The campaign has extended outside of internet petitions and media hypothesizing and into the e-mail, letter, and voice mail inboxes of actual electors. Sharon Geise of Arizona estimates that she has received 8,000 emails, all saying basically the same thing.

"It's the same thing, pretty much. Basically: Vote for Hillary Clinton. It's bizarre. I don't dare answer my phone."
Pennsylvania, another state that went red this election season, possesses 20 electoral votes and has no law requiring electors to vote for the candidate that won the state. Pennsylvania was the largest state at the center of the recount controversy, where Trump won by less than two percent of the vote. Trump's win in the Keystone State was considered a key upset--he is the first Republican candidate to flip the state in almost three decades.

Therefore, Pennsylvania electors could not escape the brunt of this election controversy. Elector Ash Kare reports receiving 3,000 to 5,000 requests and demands per day that he become a "faithless elector" and has been assigned a plainsclothes police officer for protection.

Michael Banerian, 22, of Michigan has received death threats. The Detroit News verified a message where the sender promised to "put a bullet" in the young man's mouth.

Banerian, a political science major and youth vice chair of the Michigan Republican Party, gave an interview via telephone to a reporter from The Detroit News. As Banerian walked to a demonstration on the Oakland University campus with a group of fellow Trump supporters, he told the reporter that he was not afraid of the death threats.

At that moment, an anti-Trump protester attacked the group.

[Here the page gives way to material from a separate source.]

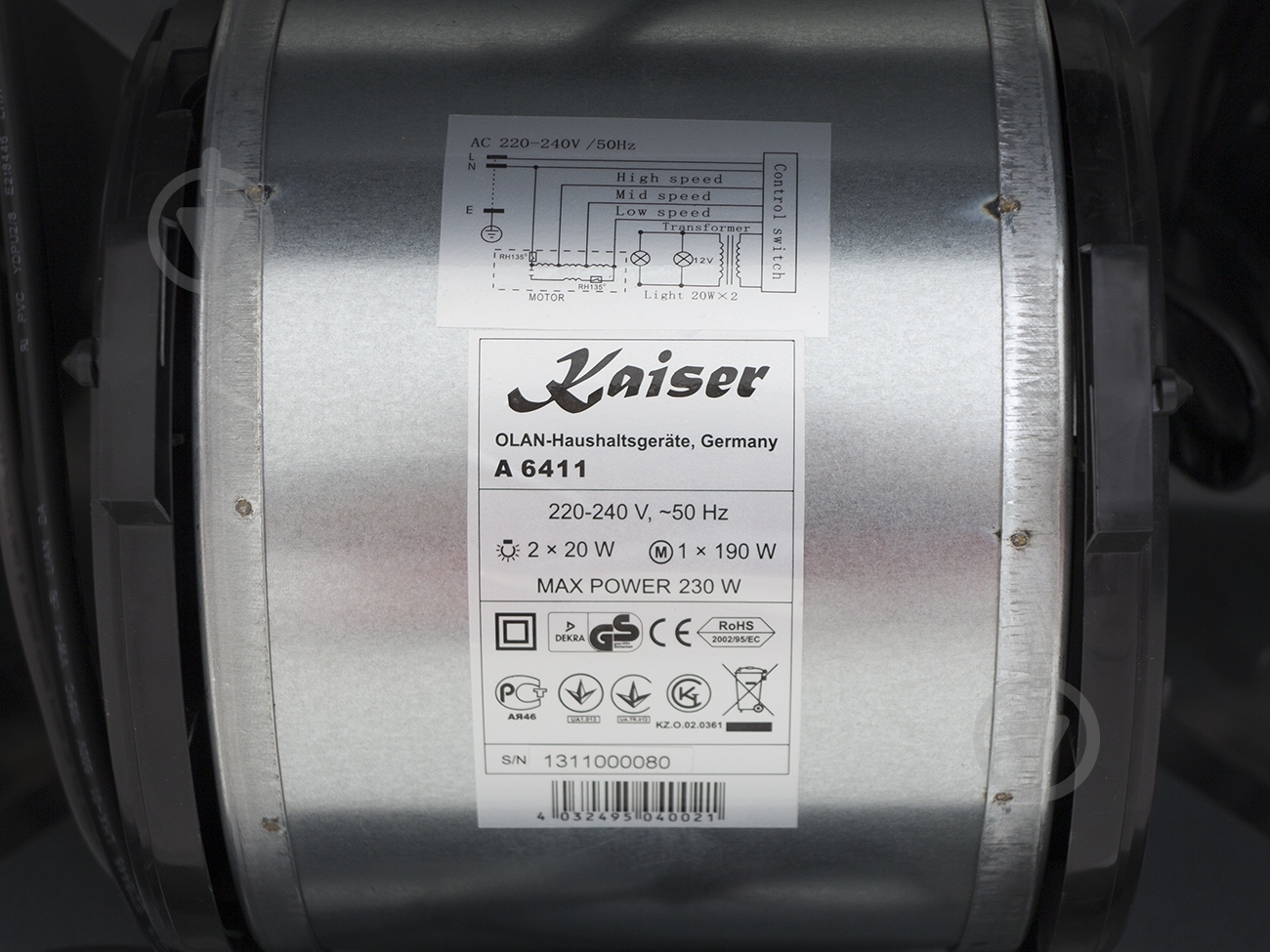 Вытяжка Kaiser A 6411 - фото 11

Chris Suprun is still the only elector who has publicly stated that he would not vote for Trump. Harvard law professor Larry Lessig claims 20 Republican electors could flip, but that seems unlikely since electors are chosen specifically for their loyalty to their party.

It's also not enough to affect Trump's lead in the electoral college. With 306 votes, he has 36 more votes than the minimum 270 needed to be elected president. Runner-up Hillary Clinton is expected to receive 232 electoral votes, leaving her 38 votes away from the presidency.

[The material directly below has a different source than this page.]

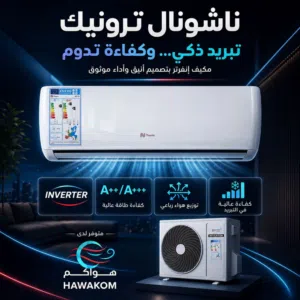 Other 0 - 1 Ton AC in Amman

Even if Monday's electoral result comes out dramatically different than what was set on November 9, our Republican controlled Congress is the final arbiter of the vote.

Some electors say the pressure to change their vote has only strengthened their resolve.

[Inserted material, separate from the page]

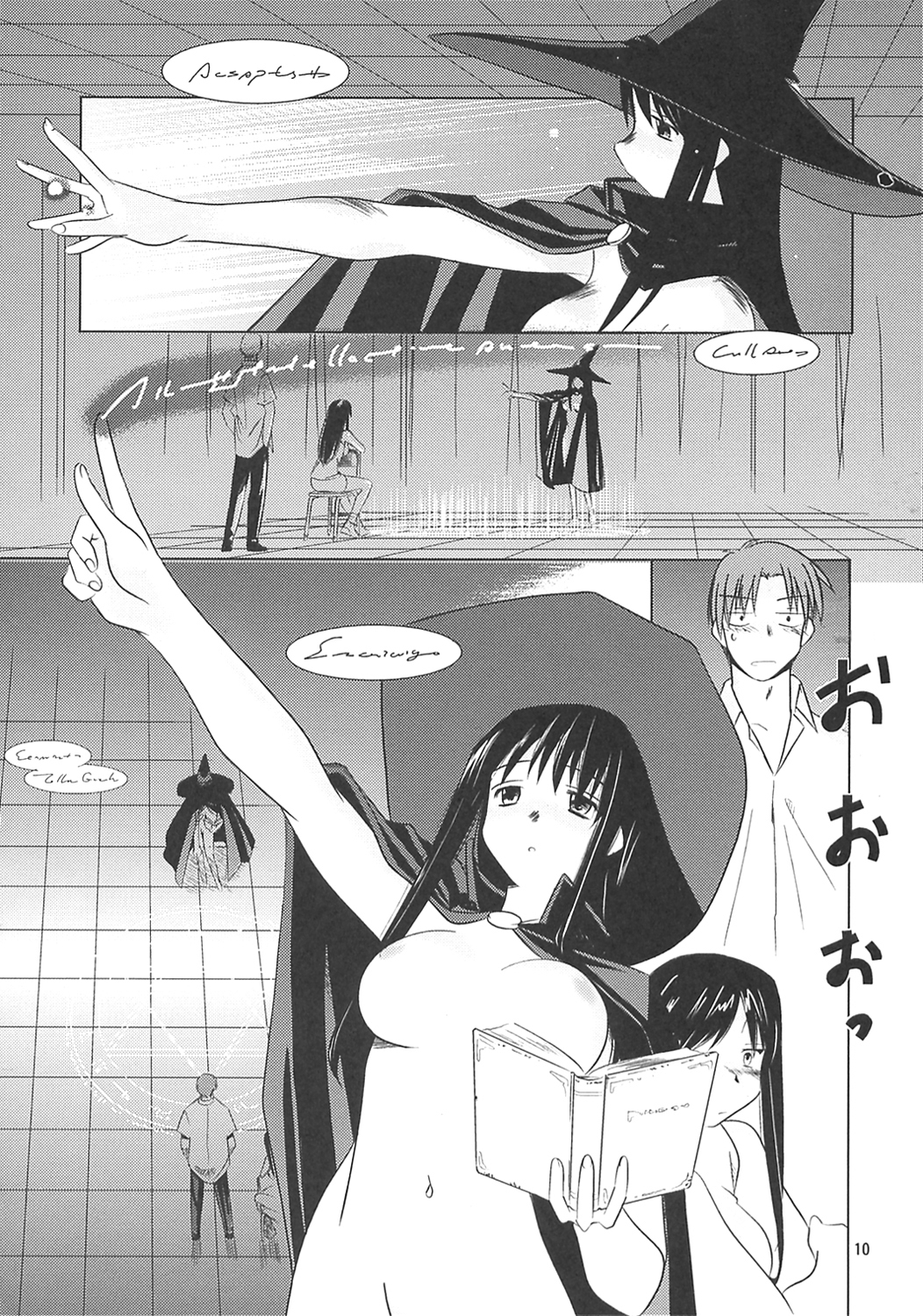 MIDSUMMER NIGHTS MAGIC page 10 full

South Carolina's Matt Moore told the Associated Press, "If you don't like the Electoral College, that's your right–but America is not some banana republic that ignores election results. We're better than that."

Florida elector Christian Ziegler wrote, "Liberals have failed in their attempt to have me ignore the will of the voters of Florida."

Banerian called the Detroit News reporter back after the incident on campus was resolved.

"The people of Michigan spoke," he said, "and it's our job to deliver that message."